If you want to get somewhere and you really, really can't spare the time, you can strap yourself in and execute a Hard Burn. You expend 1 Fuel to bruteforce your ship into a less fuel-efficient, shorter trajectory. Your Transfer Rating decreases by 1 (to a minimum of 1) and everyone on the ship gains 1 Stress. You can do this only once every trip.
If you can't spare the fuel needed for your trip, you can take a more circuitous route. Timing your trajectory so that you encounter bypassing celestial bodies, you can exploit their gravity wells for a Slingshot Maneuver. Your Transfer Rating increases by 1 (to a maximum of 5) and your fuel expense decreases by 1 (to a minimum of 1). Likewise, you can only do this once on a single trip.
Downtime
Spaceflight takes time, most of it uneventful coasting. Depending on your Transfer Rating, everyone on board will have a certain number of Downtime Actions at their disposal. These work in the exact same way as Shore Leave Actions (i.e. they can be used to train Skills, get medical care, work on a project etc.) with one exception: they cannot be used to relieve Stress.
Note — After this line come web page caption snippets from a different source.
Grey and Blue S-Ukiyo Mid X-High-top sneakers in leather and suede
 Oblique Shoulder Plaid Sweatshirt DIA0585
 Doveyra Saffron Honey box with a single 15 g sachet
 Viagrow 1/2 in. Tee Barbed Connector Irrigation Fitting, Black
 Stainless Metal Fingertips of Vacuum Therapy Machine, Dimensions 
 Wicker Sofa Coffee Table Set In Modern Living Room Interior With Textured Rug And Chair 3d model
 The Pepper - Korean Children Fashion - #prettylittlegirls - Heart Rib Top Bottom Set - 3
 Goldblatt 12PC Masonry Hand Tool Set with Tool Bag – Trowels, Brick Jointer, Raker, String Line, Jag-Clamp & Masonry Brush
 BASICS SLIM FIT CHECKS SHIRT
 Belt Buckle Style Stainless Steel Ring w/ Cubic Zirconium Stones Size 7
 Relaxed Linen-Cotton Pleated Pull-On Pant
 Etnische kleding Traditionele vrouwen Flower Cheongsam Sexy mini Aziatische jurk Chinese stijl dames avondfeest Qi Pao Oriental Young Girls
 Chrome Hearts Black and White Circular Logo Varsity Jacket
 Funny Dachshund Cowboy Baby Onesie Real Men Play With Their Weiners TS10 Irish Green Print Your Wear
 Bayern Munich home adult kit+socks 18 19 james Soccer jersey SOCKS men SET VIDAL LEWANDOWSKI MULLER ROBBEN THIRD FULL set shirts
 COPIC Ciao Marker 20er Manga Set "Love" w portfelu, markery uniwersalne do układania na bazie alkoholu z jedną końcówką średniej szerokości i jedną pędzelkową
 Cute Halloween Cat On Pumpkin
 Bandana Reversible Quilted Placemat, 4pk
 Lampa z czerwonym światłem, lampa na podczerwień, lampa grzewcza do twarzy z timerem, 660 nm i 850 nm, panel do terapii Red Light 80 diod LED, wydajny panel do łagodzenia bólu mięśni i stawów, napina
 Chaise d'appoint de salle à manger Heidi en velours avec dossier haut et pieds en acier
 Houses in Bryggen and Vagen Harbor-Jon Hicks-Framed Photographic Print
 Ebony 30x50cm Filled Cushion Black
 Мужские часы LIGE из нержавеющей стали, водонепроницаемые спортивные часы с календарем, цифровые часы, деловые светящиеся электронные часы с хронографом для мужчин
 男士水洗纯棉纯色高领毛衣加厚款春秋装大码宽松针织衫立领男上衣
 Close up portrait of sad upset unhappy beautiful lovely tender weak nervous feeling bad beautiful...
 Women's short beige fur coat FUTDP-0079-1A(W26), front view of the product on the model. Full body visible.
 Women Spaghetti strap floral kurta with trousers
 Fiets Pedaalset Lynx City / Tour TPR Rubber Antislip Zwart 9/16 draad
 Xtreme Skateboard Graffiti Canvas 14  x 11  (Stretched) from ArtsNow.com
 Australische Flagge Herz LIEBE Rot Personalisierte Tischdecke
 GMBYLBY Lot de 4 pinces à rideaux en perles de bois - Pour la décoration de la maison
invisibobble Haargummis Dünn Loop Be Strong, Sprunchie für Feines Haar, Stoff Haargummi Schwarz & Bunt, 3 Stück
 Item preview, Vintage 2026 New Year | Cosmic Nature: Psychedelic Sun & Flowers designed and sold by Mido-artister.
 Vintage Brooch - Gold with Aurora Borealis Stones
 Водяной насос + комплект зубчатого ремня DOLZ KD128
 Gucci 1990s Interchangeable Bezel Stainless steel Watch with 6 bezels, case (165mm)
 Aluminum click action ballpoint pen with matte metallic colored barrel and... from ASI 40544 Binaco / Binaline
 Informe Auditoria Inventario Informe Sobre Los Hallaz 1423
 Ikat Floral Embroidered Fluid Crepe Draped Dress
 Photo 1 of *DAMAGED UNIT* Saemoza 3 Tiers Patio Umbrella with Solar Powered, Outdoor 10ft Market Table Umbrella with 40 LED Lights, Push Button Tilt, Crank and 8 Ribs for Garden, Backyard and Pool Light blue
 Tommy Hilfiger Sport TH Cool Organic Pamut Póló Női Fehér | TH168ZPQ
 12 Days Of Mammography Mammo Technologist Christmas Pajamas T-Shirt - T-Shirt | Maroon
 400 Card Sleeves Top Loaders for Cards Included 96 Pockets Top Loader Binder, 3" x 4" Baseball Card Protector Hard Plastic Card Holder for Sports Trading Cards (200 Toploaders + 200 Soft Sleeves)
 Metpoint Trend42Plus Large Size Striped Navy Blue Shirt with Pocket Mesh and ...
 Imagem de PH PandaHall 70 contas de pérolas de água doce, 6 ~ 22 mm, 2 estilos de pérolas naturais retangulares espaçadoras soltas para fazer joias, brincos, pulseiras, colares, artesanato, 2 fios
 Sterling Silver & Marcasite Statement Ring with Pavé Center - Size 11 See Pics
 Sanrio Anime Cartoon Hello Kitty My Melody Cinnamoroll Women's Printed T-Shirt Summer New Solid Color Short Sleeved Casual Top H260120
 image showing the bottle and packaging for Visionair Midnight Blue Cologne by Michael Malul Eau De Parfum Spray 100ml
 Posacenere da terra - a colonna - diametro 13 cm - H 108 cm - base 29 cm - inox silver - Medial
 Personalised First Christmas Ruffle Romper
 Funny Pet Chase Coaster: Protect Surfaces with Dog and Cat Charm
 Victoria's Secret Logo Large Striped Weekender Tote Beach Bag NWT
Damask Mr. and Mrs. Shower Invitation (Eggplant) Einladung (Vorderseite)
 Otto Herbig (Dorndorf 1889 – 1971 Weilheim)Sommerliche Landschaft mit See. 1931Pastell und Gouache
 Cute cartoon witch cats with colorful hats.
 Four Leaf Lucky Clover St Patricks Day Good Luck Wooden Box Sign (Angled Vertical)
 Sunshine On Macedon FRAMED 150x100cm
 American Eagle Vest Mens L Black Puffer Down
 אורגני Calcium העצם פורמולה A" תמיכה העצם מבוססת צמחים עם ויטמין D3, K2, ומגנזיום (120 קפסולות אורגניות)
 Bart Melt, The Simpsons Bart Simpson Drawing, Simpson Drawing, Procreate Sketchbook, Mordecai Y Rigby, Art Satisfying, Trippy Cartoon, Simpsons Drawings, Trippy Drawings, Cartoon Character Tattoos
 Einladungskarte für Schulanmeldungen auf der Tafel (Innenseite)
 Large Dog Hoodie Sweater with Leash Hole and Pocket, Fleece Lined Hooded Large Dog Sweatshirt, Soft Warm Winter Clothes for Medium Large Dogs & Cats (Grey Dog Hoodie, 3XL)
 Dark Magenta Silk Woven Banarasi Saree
If you want to spend your downtime on something that requires access to outside information, you may run into the problem of interplanetary bandwith limits. Response might be slow, the trickle of data across the radio even slower. If your Transfer Rating is higher than 3, requesting files from the outside becomes a separate Downtime Action.
Stress
Space travel is slow, monotonous and claustrophobic. Every day the same two or three capsules where elbow room is at a premium, every day the same five or so other people, every day the same big fucking black nothing outside the windows. Even for the shortest trips, it's not a pleasant time.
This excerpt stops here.